CNN-Based Feature Learning with Gradient Boosting for Secure Code Analysis
摘要
The expanding intricacy of modern software schemes has made them prone to a varied range of posing severe threats to security vulnerabilities, critical infrastructures and sensitive data. Traditional vulnerability detection approaches often struggle with accuracy and scalability, particularly when managing diverse and large codebases. To deal with these encounters, this research proposes an ensemble framework that incorporates Deep Convolutional Neural Networks (DCNN) with powerful gradient boosting algorithms XGBoost and CatBoost for effective software vulnerability detection. An ensemble approach unites the potencies of both deep learning and gradient boosting to reduce false alarms and enhance detection accuracy.

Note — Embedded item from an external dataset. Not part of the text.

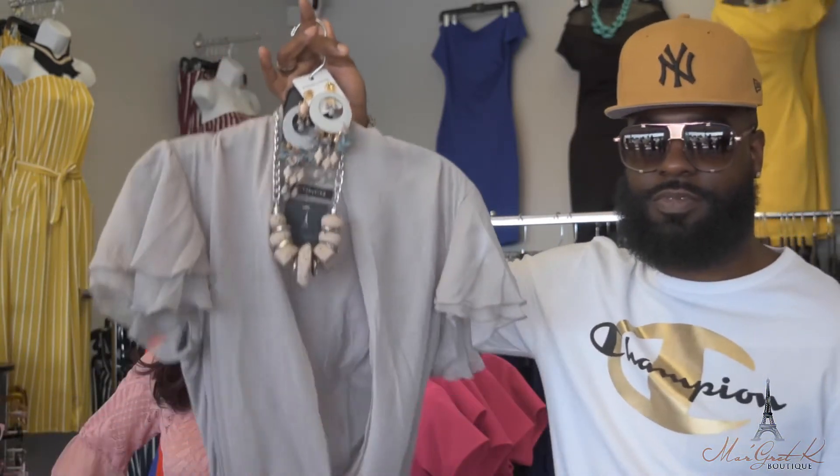Depending on what type of person you are and how you're feeling for the day, here are two great options. You can go with the pink and you can go with the nice gray. That was another episode of Fashion Week here at Margaret K. Boutique. I'm your favorite celebrity wardrobe stylist, Mr. Yu, signing off.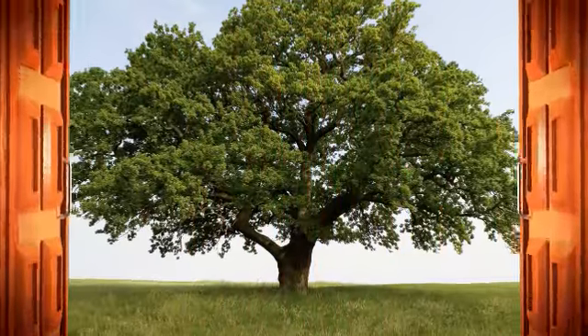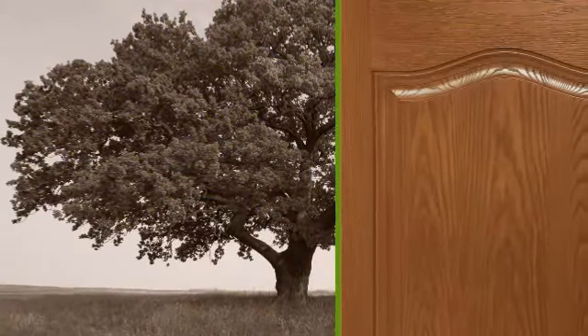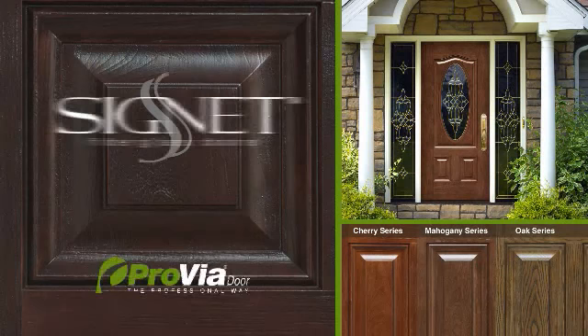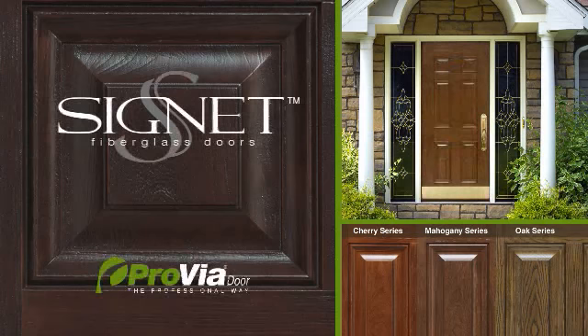Nothing beats the beauty of hardwood, unless it's the beauty of hardwood with the strength and durability of fiberglass construction. The Signet Series from ProVia combines rich cherry, mahogany, and oak finishes with the superior resistance of fiberglass.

Experimental results reveals that both DCNN along with XGBoost and DCNN along with CatBoost models accomplish high detection operation an accuracy of 87.51%, precision of 87.86%, recall of 79.79%, F1 score of 83.63%, and an AUC PR of 0.9330. In comparison, the DCNN along with XGBoost model accomplishes a slightly better accuracy of 87.51%, precision of 87.93%, recall of 79.72%, F1-score of 83.62%, and an AUC-PR of 0.9332. The results feature the effectiveness of the ensemble approach in recognizing vulnerable code sections, offering a scalable solution for increasing software security in real-world purposes.